What to produce
Return all of the data below verbatim and exclude every picture.

── Data for this task

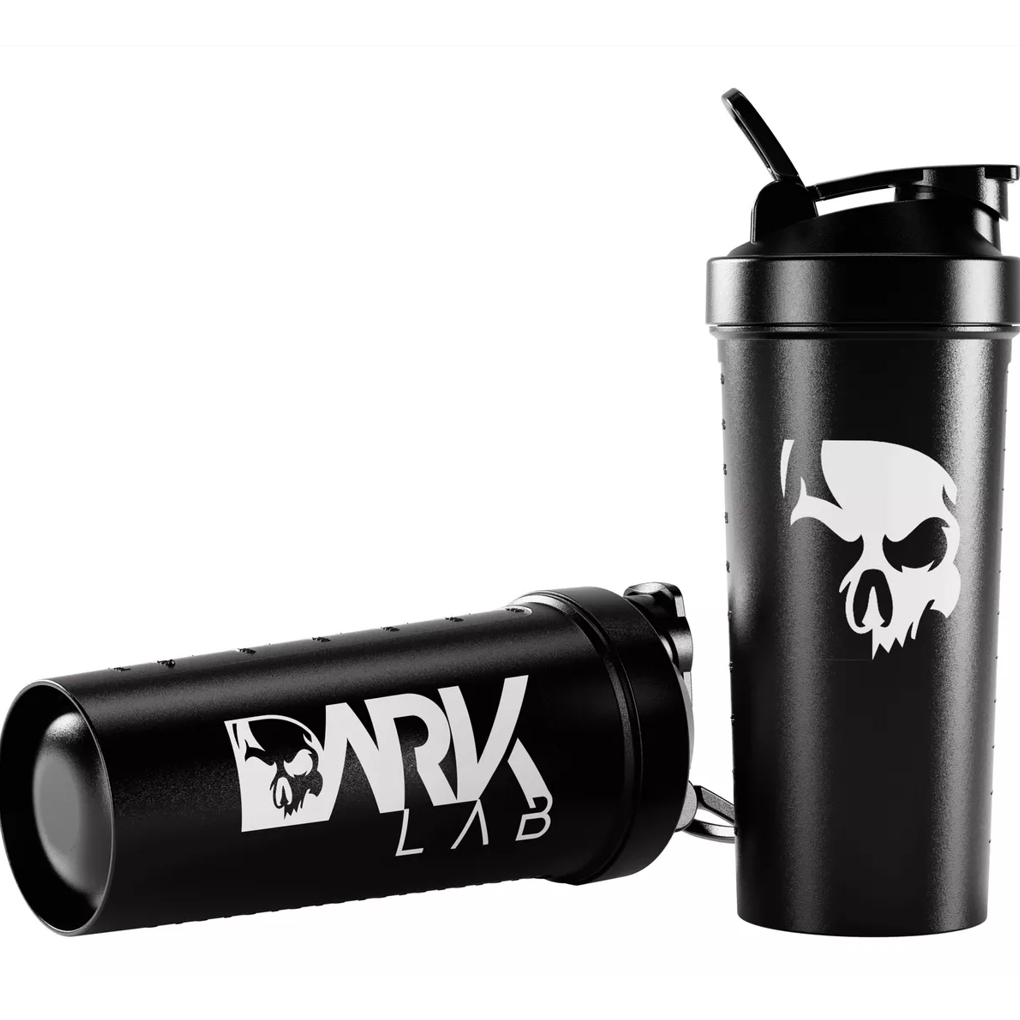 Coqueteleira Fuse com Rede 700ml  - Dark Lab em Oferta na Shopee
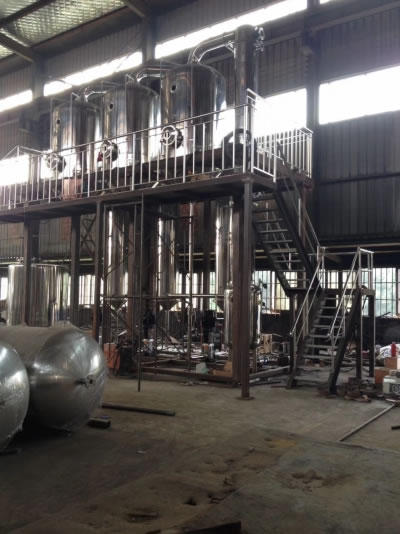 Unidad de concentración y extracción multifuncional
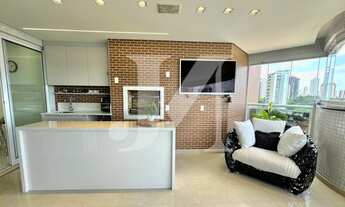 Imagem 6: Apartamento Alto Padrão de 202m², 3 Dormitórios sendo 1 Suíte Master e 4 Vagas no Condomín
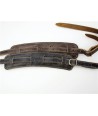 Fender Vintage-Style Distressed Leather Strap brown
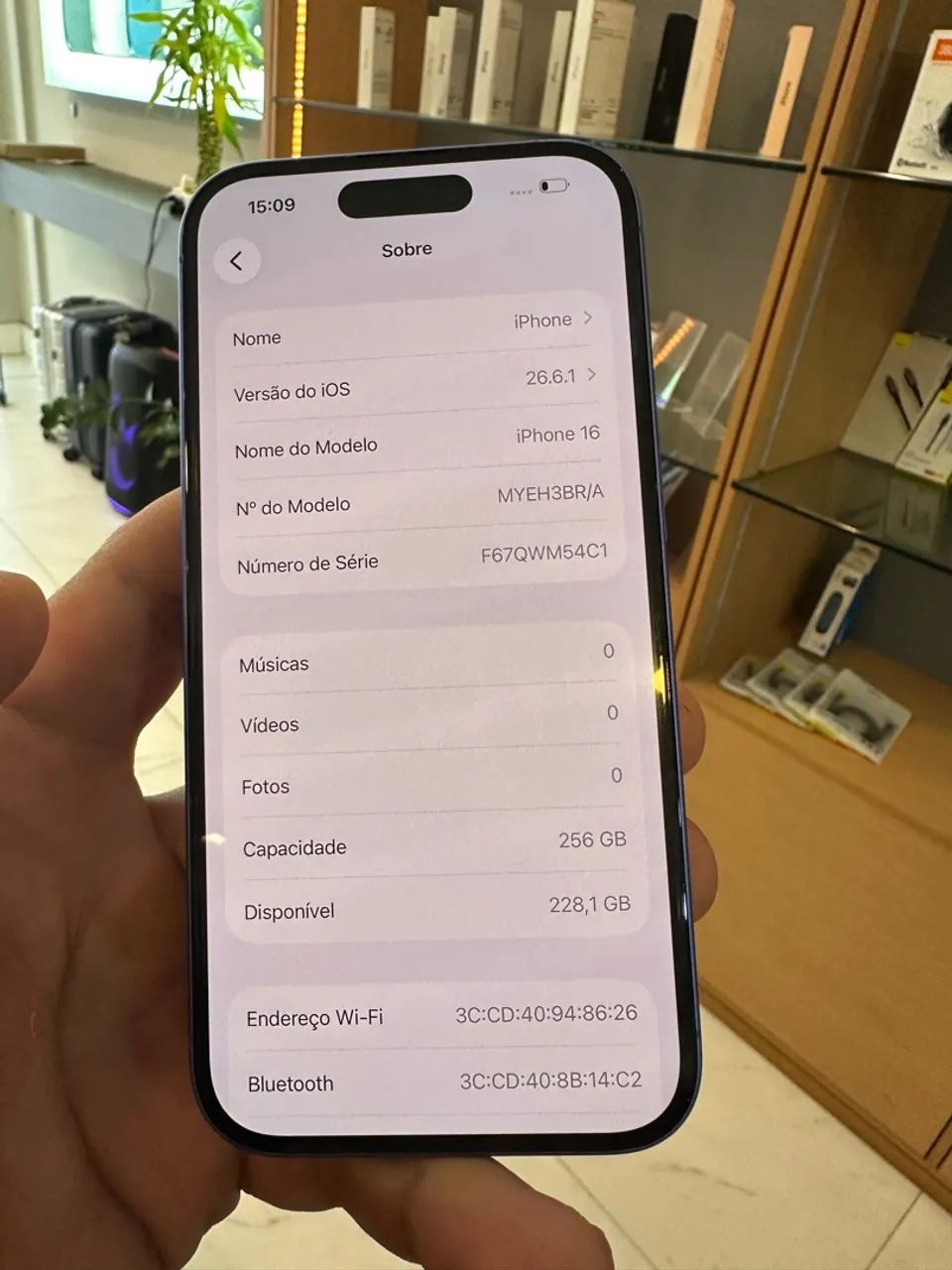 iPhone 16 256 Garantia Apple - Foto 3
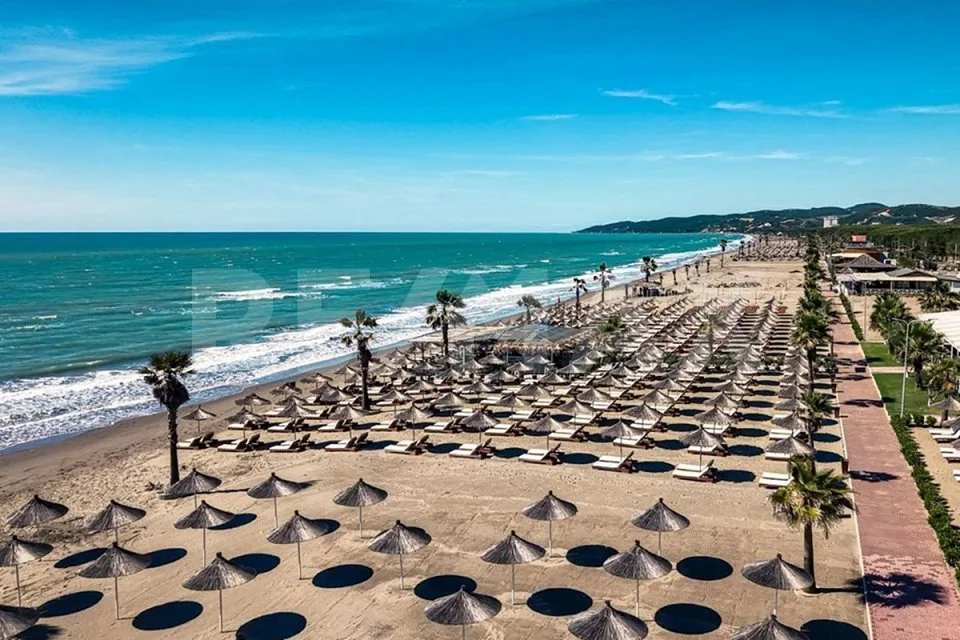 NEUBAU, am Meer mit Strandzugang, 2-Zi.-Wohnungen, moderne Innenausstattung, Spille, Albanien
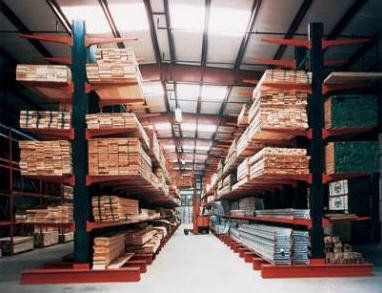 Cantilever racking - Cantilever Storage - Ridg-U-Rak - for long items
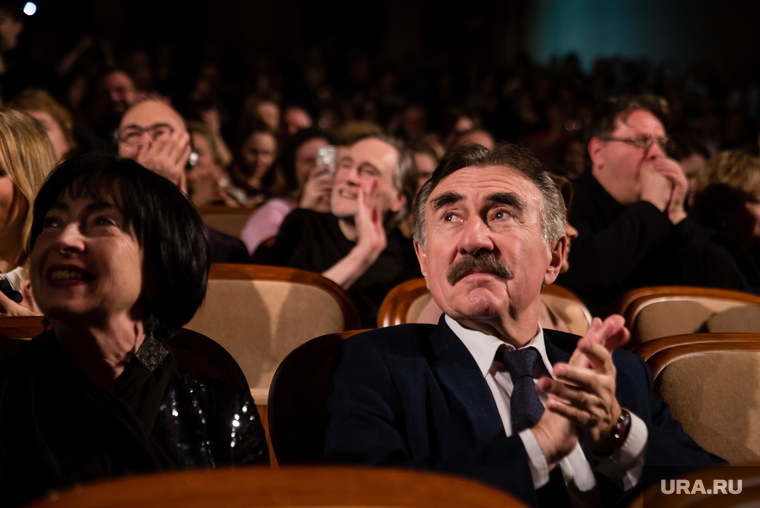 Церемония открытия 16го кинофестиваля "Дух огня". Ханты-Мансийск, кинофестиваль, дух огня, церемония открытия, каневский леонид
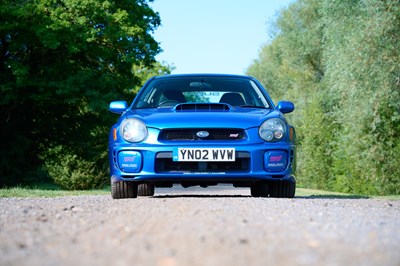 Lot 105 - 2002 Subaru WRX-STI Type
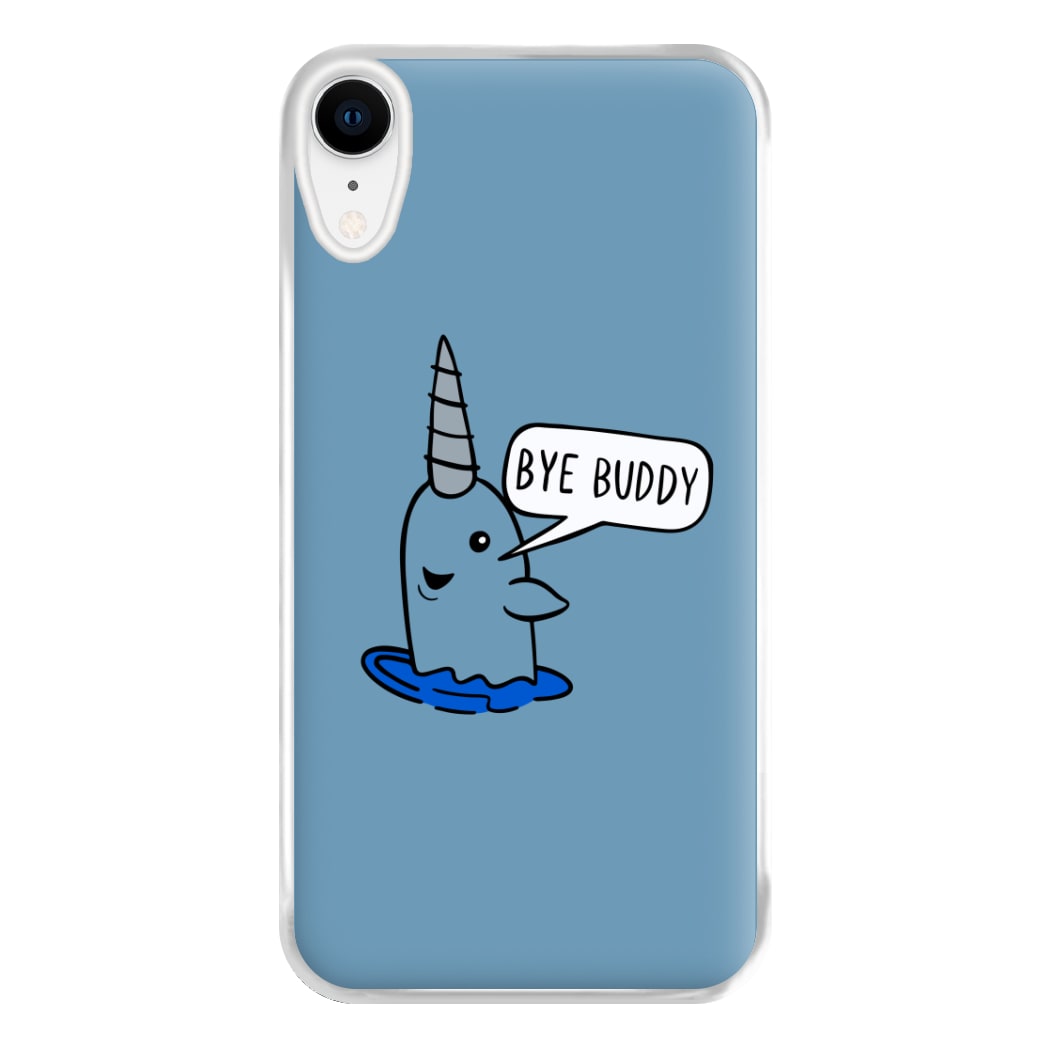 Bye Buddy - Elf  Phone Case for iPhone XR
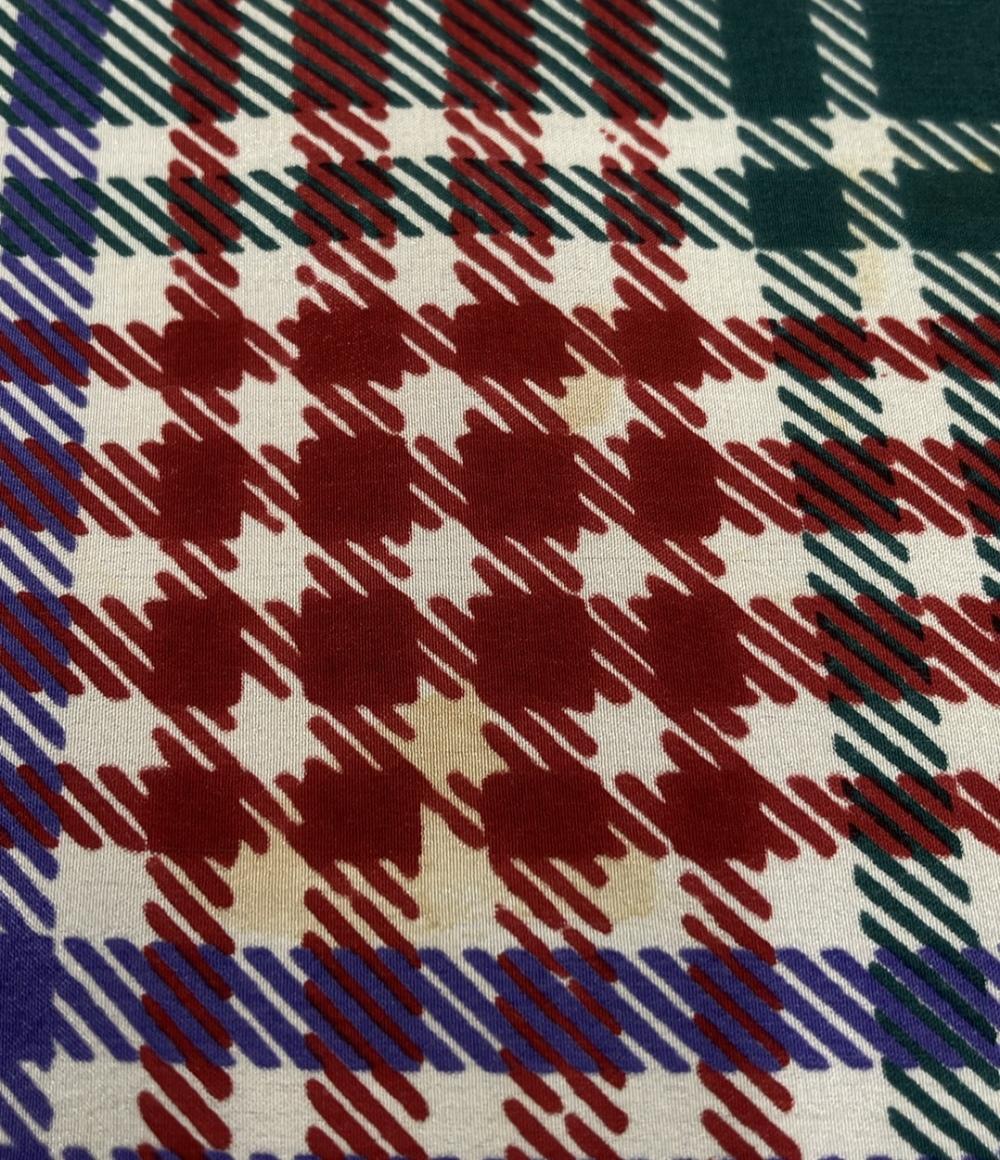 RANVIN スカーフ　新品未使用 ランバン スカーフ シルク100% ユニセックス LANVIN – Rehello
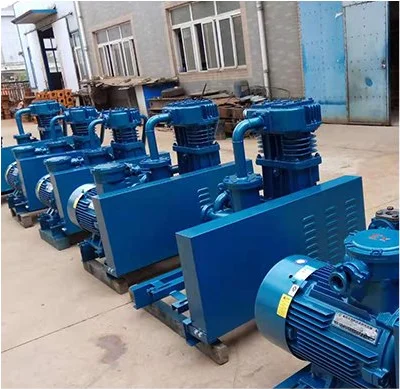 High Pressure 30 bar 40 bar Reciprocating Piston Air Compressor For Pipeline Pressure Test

────

Solution for this problem
 Coqueteleira Fuse com Rede 700ml  - Dark Lab em Oferta na Shopee
 Unidad de concentración y extracción multifuncional
 Imagem 6: Apartamento Alto Padrão de 202m², 3 Dormitórios sendo 1 Suíte Master e 4 Vagas no Condomín
 Fender Vintage-Style Distressed Leather Strap brown
 iPhone 16 256 Garantia Apple - Foto 3
 NEUBAU, am Meer mit Strandzugang, 2-Zi.-Wohnungen, moderne Innenausstattung, Spille, Albanien
 Cantilever racking - Cantilever Storage - Ridg-U-Rak - for long items
 Церемония открытия 16го кинофестиваля "Дух огня". Ханты-Мансийск, кинофестиваль, дух огня, церемония открытия, каневский леонид
 Lot 105 - 2002 Subaru WRX-STI Type
 Bye Buddy - Elf  Phone Case for iPhone XR
 RANVIN スカーフ　新品未使用 ランバン スカーフ シルク100% ユニセックス LANVIN – Rehello
 High Pressure 30 bar 40 bar Reciprocating Piston Air Compressor For Pipeline Pressure Test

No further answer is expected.